Однако сам Джермин, когда сравнивал свои доходы с доходами аристократов от их собственных обширных владений, не считал себя богачом. Тем не менее, вполне довольный своей судьбой, он не замечал признаки надвигающейся на Англию революционной бури.
Первым их заметил нунций Конн, который пользовался уже таким уважением Генриетты Марии, что однажды, когда она прощалась с французским послом, архиепископ Лод стоял по её правую руку, а Конн – по левую. С благословения нунция работа по обращению в католичество продвигалась иногда даже слишком быстро. Так, однажды леди Ньюпорт, одна из племянниц Бекингема, после посещения театра Друри-Лейн заехала в Датский дом и тут же была принята одним из капуцинов королевы в лоно католической церкви. Неудивительно, что это привело короля в негодование, в то время как сама Генриетта Мария «послала за священником, пожурила его и предостерегла от повторения подобных действий, особенно по отношению к знатным женщинам». Однако граф Ньюпорт не был склонен оставлять это дело без внимания и призвал Лода начать процесс против тех, кто был причиной обращения его жены. В свой черёд, архиепископ ничего более так не желал, как исполнить его просьбу. Тем не менее, королева не была склонна уступать и пожаловалась мужу на Лода, использовавшего, как ей донесли, слишком дерзкие выражения в её адрес в зале Совета. Карл оказался в затруднительном положении: он был полностью на стороне архиепископа, но, в то же время, любил жену. В конце концов, он посоветовал Лоду поговорить с королевой:
– Вы увидите, что моя жена разумная женщина.

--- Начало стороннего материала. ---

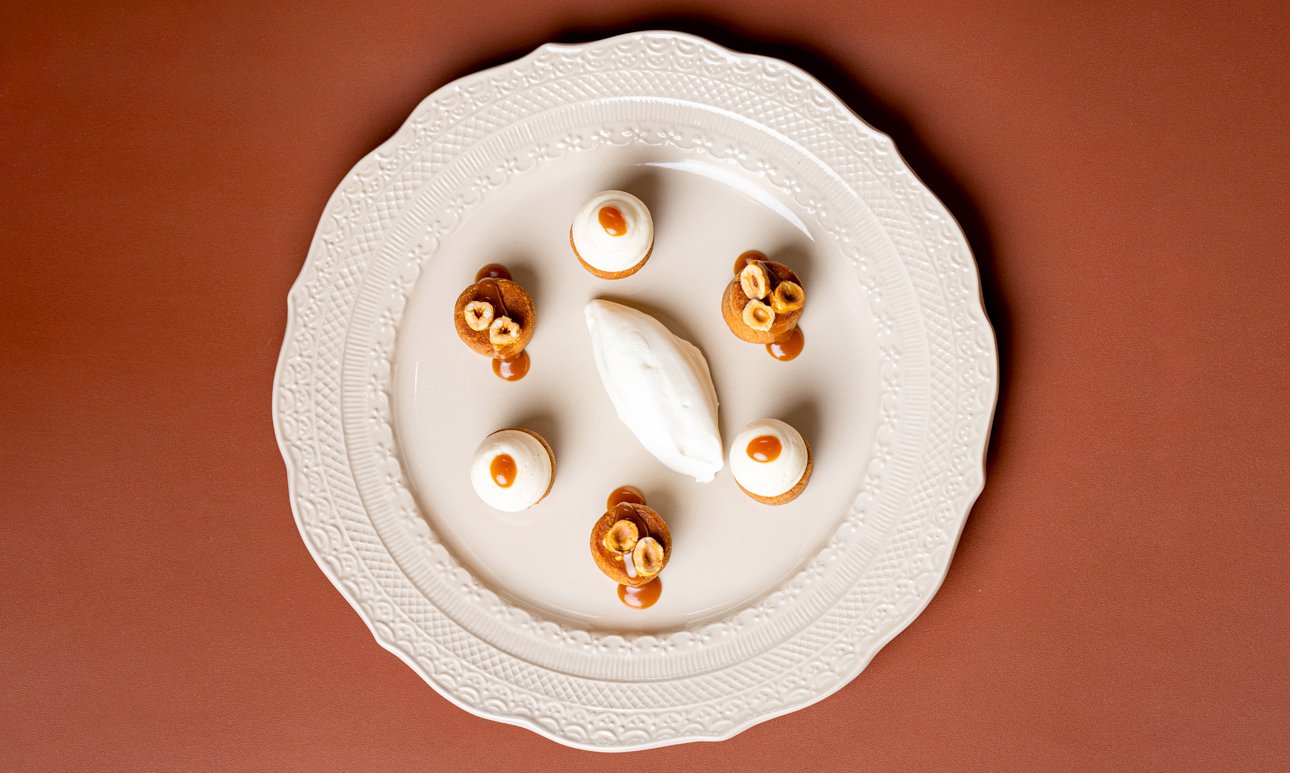 Меню исторического бранча к выставке «Свой человек. Владимир Гиляровский» Дома русского бильярда и Музея русского импрессионизма. Ресторан «Москва». Сырники из творога из топленого молока с карамелью.   Фото: Музей русского импрессионизма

По-видимому, архиепископ сомневался в этом. Но когда в это дело вмешался Конн, Карл I отрезал:
– Не забывайте, что Вы в Англии, а не в Риме!
Хотя Лод был нейтрализован, Конн не успокоился.
– Наши великие женщины уходят с каждым днём, - печально писал магистр Чартерхауса (школы в Лондоне) лорду Уэнтуорту.
Подтверждением одного из достижений нунция является разговор с ним леди Арундел.
– До того, как Вы появились, я и за миллион бы не стала принимать священника в своём доме, - сказала она Конну.
Таким образом, благодаря ему, переход в католичество стал модным среди аристократок.
Но через три года пребывания в Англии здоровье Конна пошатнулось и он уехал обратно в Рим, где так охарактеризовал обстановку в Англии:
– Одному Богу известно, как долго продлится это затишье. Королева мало думает о будущем, полностью полагаясь на короля.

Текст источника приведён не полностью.